CNN’s Piers Morgan Aims to ‘Kick Butt’ Against Murdoch
Piers Morgan, the former tabloid editor who succeeds CNN talk-show host Larry King this month, enjoyed competing with News Corp.’s Rupert Murdoch and hopes to “kick his butt” going up against cable leader Fox News.
“To be in this new jungle you have to make noise and I intend to make noise,” Morgan, 45, said today at a meeting of television critics in Pasadena, Calif. “No question that CNN is getting its butt kicked in prime time by Fox and MSNBC, and I intend to turn that around. I enjoyed competing with Rupert Murdoch before and I hope to kick his butt.”
Morgan takes over on Jan. 17. His arrival comes after “Larry King Live,” the dominant prime-time cable news program in the 1990s, fell behind Bill O’Reilly of Fox News and MSNBC’s Keith Olbermann. In 2010, King averaged 671,000 viewers for Time Warner Inc.-owned CNN, according to Nielsen Co. data, down 38 percent from 2009’s 1.1 million and from 1.6 million in 1998.
“Morgan may reverse some of the audience erosion that Larry King had last season,” Brad Adgate, senior vice president of the advertising company Horizon Media, said in an interview. “The cable landscape has become so competitive of late and every year it gets harder and harder to get any traction.”
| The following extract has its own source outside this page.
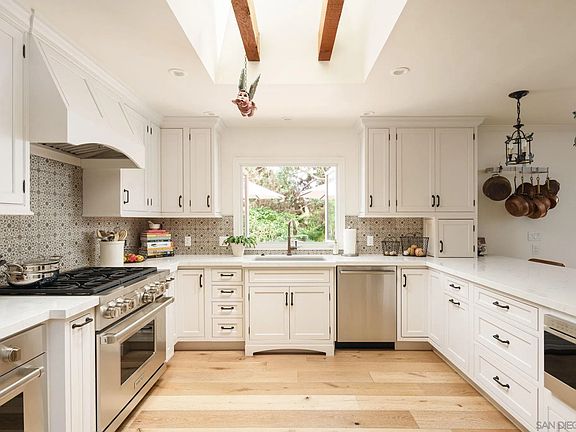2nd image of 6055 Lago Lindo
“Lady Gaga is twice as good, half her age and twice as hot,” Morgan said. “I’d rather have her.” His best interview ever was with Simon Cowell, the former judge on TV’s “American Idol,” because “I made him cry.”
“Piers Morgan Live” will be the second major change to CNN’s prime-time lineup in recent months. In October, the network replaced Campbell Brown with a show hosted by former New York Governor Eliot Spitzer and newspaper columnist Kathleen Parker.
“Parker Spitzer” has been a “ratings disappointment,” and won’t provide much of a lead-in for Morgan, said Adgate, who is based in New York. “Parker Spitzer” averages 472,000 viewers, compared with 545,000 who watched Campbell Brown before she was canceled in 2010, according to data from Nielsen Co.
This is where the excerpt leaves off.